The government has identified achieving food security through increased production and value chain processing as major targets.
With funding from the European Union, BRAC Liberia has launched a project to reduce poverty by supporting those who are food insecure. The project also aims to strengthen Liberia’s resilience in reacting to crises.
The €1.5 million (US$1.6 million) project was launched Monday at an inception workshop at the Palm Spring Resort.
EU Ambassador to Liberia Tiina Intelmann said the project will contribute to achieving food security and improve nutrition to achieve sustainable development, which is the second objective of the United Nation’s Sustainable Development Goal.

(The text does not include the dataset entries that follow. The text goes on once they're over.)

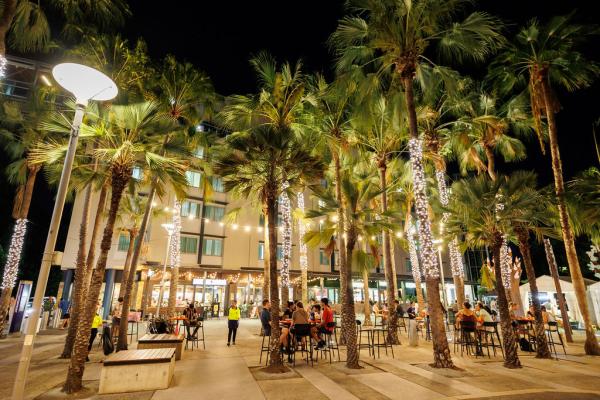 Tall palm trees wrapped in fairy lights, with people sitting at tables and chairs underneath the trees. It is nighttime. 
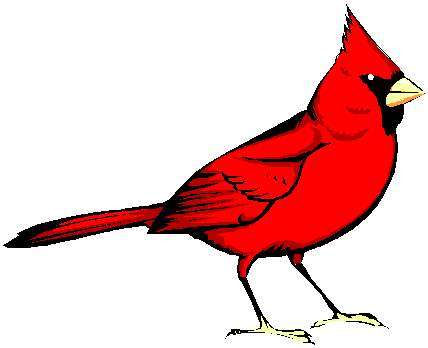 Cardinal Bird Clipart - ClipArt Best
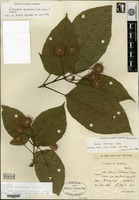 Isosyntype of Adina indivisa Lace [family RUBIACEAE]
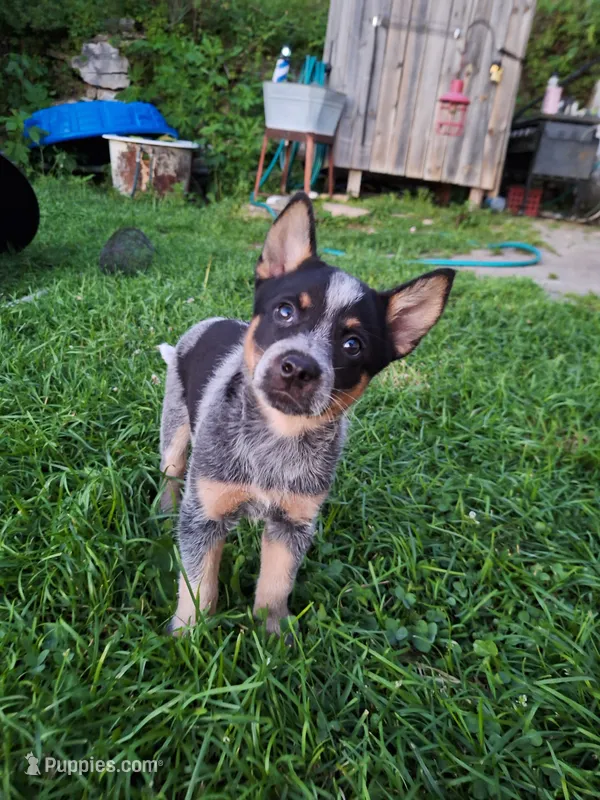 Female 1 – Australian Cattle Dog puppy for sale in Potosi, WI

She pledged the EU’s continuous commitment to help the government of Liberia achieve its development goals.
BRAC Liberia’s country representative Mainuddin Ahmed said the project, which began in October last year, will work to improve the capacity and livelihood of the most vulnerable groups of the populations in Montserrado, Margibi, Grand Bassa, Bomi, Bong, and Grand Cape Mount for the next two years.

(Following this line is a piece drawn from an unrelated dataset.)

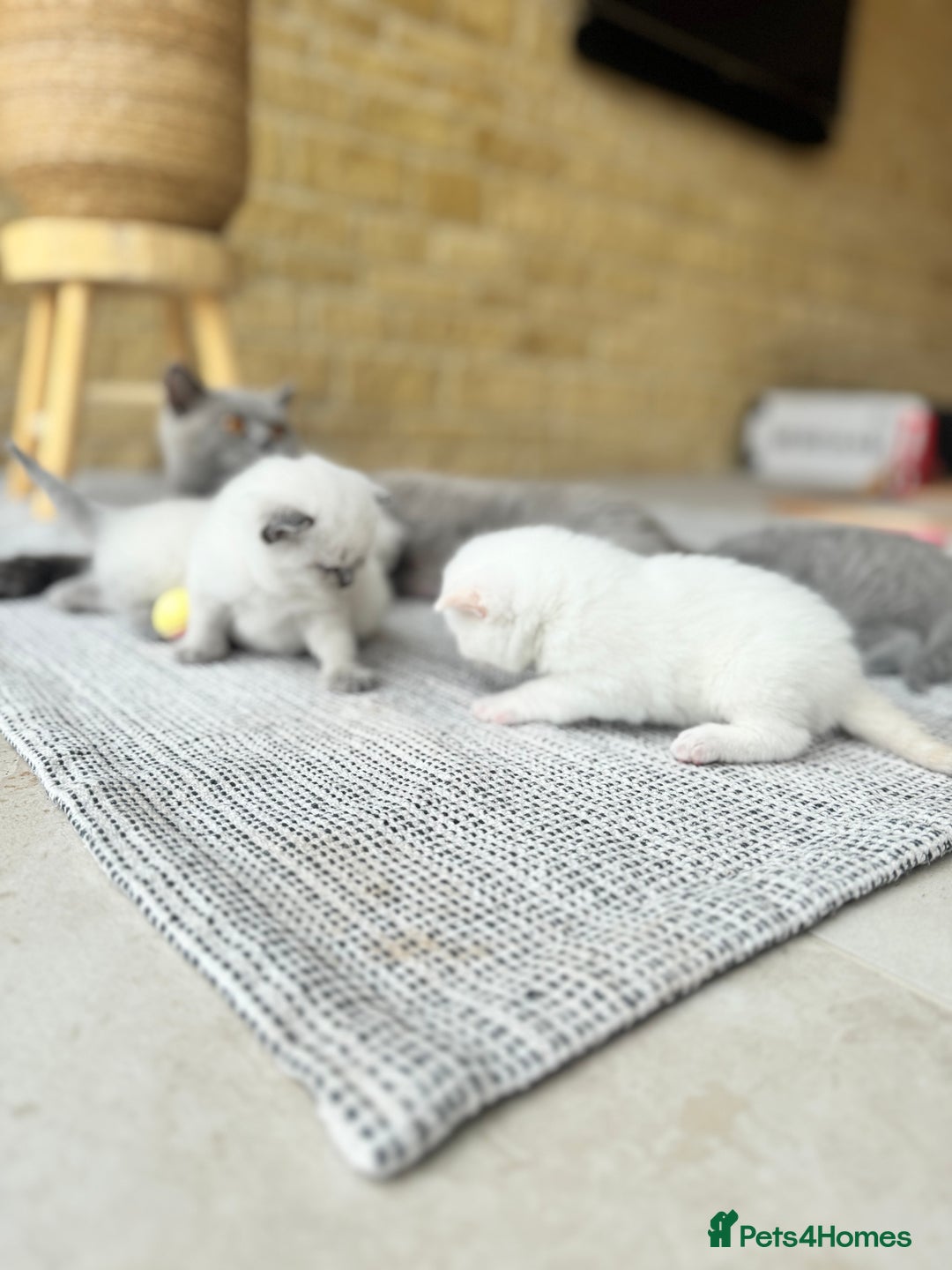 British Shorthair cats for sale: PEDIGREE BRITISH SHORTHAIR KITTENS COLOURPOINT - Image 8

“We will reach 38,255 people and 7,701 households who will benefit from increased incomes and increased resiliency and access to sufficient and nutritious food,” Ahmed said.
He said BRAC will implement a cash-for-work program for the 390 most vulnerable households, train at-risk households on livelihood and livestock rearing and carry out training programs for smallholder farmers on climate-smart agriculture technologies and comprehensive homestead development.
The organization will also provide smallholder farmers with training and input support from existing BRAC Liberia seed farms, poultry farms and feed mills, and create linkages with producer groups.
BRAC activities will also train community agriculture and livestock promoters in technical support of farmers in the local area, establishing demonstration farms, training entrepreneurs, and youths (especially females) and providing them with capital to develop new businesses to improve agricultural market capacity.
The project will train existing market actors and provide linkages to farmers, initiate forums for nutrition, education and mutual support, establish radio programs to share and disseminate technical messages and information based on local issues among community members and organize nutrition awareness programs among.
In implementing the project, BRAC will work in close collaboration with the Ministry of Agriculture to support the government’s Liberia Agricultural Transformation Agenda.
Agriculture Minister Moses Zinnah said stakeholders and beneficiaries must take the project seriously. He said recent data reveals that 40 percent of Liberia’s population lacks food security.
“It means that any program that addresses issues of food security [and] nutrition, must be taken very seriously because it helps to take our people out of poverty,” Zinnah said.
In addition, he said the program is consistent with LATA, which is the government’s new flagship program under the Agenda for Transformation.
He promised that the team at the Ministry of Agriculture will work closely with BRAC for the success of the project.
“I will personally pay visits to the fields to ensure that what we want to achieve is achieved and achieved successfully,” Zinnah assured.